Entre os servidores que se sentiram pressionados a cometer algum ato ilícito, o percentual chega a 66%, o que equivale a dois terços.

Realizada em parceria com a Controladoria-Geral da União (CGU), o Ministério da Economia, e a Escola Nacional de Administração Pública (Enap), a pesquisa ouviu 22.130 servidores, no período entre 28 de abril e 28 de maio de 2021.

Conforme mostra o levantamento, um a cada cinco servidores que presenciaram irregularidades diz já ter observado algum colega aceitar dinheiro ou presente de particulares.

Segundo a pesquisa, durante a pandemia de Covid-19, doença causada pelo novo coronavírus, as práticas antiéticas aumentaram. Para 55% dos servidores entrevistados, interferências políticas prejudicaram a atuação de órgãos públicos.

Principais práticas de corrupção presenciadas por servidores:

  • Favorecer amigos e parentes
  • Ignorar regras por pressão da chefia
  • Beneficiar-se de vínculos com autoridades
  • Priorizar interesses ilegítimos
  • Aceitar dinheiro ou presentes

Apesar do aumento no índice apresentado, a corrupção no funcionalismo público não é recente. A pesquisa fez um recorte desde 2018; nesse ínterim, um terço dos servidores (33,4%) confirmou que já havia flagrado atos antiéticos.

As práticas mais observadas pelos servidores ocorreram durante a formulação de políticas, projetos ou programas (37,67%) e em processos de compras e contratações de serviços ou obras (35,29%).

A maioria dos servidores relata haver observado alguma prática antiética durante sua trajetória no setor público. Segundo a pesquisa, 58,7% dos entrevistados afirmaram que observaram alguma prática antiética.

Denúncias em baixa

A pesquisa aponta que somente 33% dos servidores que presenciaram atos de corrupção denunciaram o caso, entre 2018 e este ano.

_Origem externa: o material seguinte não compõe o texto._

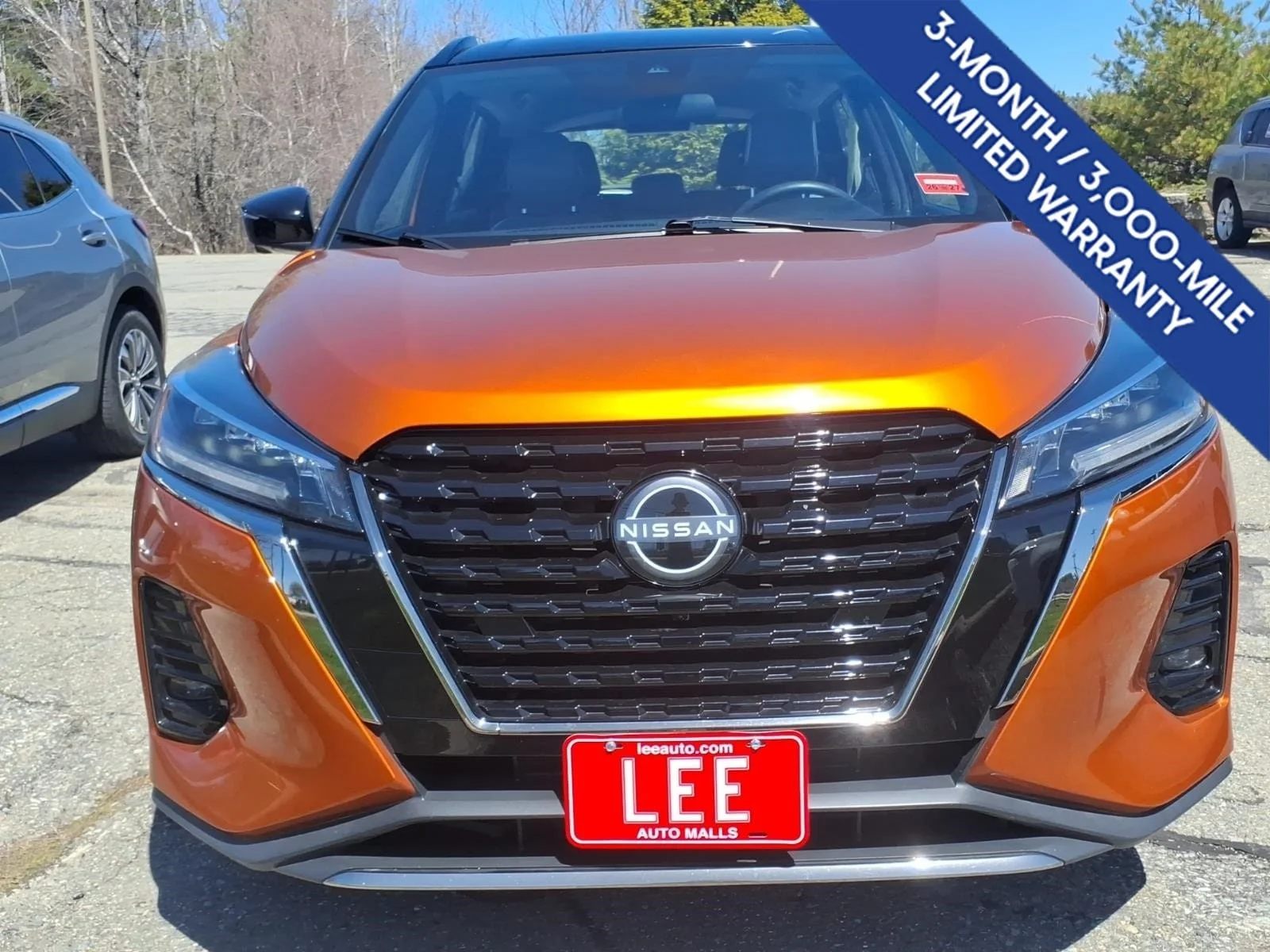 Used 2023 Orange Metallic Nissan SR image 2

Quase 50% dos funcionários ouvidos revelam não se sentirem seguros o suficiente para denunciar alguma conduta ilícita. A principal dificuldade, para esse grupo, consiste na falta de proteção para quem revela atos do tipo.

Além disso, a apuração é falha. Para 41% dos servidores que fizeram alguma denúncia nos últimos três anos, não houve andamento do caso. Outros 27,4% dizem que sofreram algum tipo de retaliação.

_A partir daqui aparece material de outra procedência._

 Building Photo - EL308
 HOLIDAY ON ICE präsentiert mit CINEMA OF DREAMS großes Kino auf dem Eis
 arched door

Entre os que se sentem menos seguros para denunciar colegas, constam mulheres e servidores com menos tempo de serviço.

A partir dos resultados da pesquisa, o Banco Mundial elencou algumas sugestões ao governo federal. As medidas recomendadas incluem: intensificar o uso de evidências empíricas, de forma sistemática, para aperfeiçoar a implementação de normativos; fortalecer os canais de denúncia e ampliar a divulgação entre os servidores; incrementar o treinamento de servidores em programas de integridade; e conhecer a perspectiva dos servidores quanto à implementação do arcabouço legal contra a corrupção, para melhor entender os impactos e aprimorar as políticas públicas.

Falhas

Para o coordenador da pesquisa, o especialista sênior para o setor público do Banco Mundial, Daniel Ortega Nieto, o governo federal tem falhas no encaminhamento das denúncias.

“Existe pouco treinamento em nível federal sobre questões de anticorrupção e antiética e falta apoio de dirigentes para levar essa pauta para frente”, frisou.

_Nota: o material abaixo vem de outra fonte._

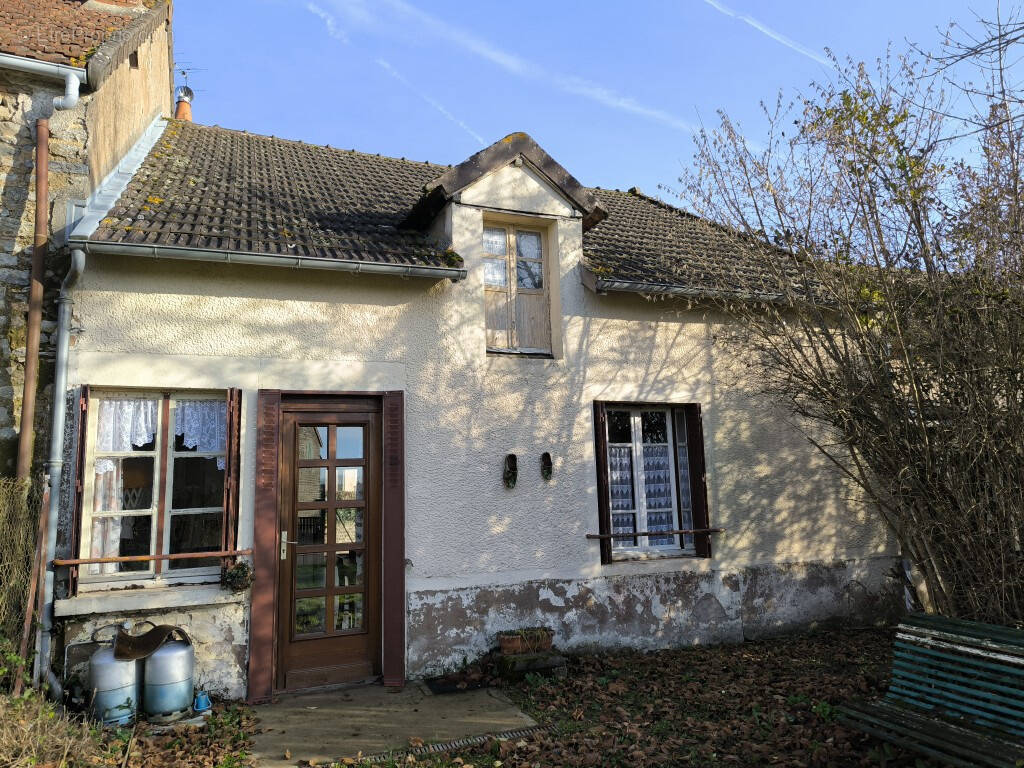Maison à EPIRY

O ministro da Controladoria-Geral da União (CGU), Wagner Rosário, participou do lançamento da pesquisa e defendeu o que chamou de aprimoramento na apuração dos casos de corrupção.

“O Decreto nº 7.203, que trata de nepotismo, já trazia, em 2010, uma visão de aspectos ligados à ética. Em 2013, tivemos a edição da Lei de Conflito de Interesses e da Lei Anticorrupção. Internamente, no governo federal, soltamos a Instrução Normativa nº 1, que começou a trabalhar os conceitos de riscos, para que a gente pudesse direcionar as medidas a serem adotadas pelos órgãos federais”, explicou.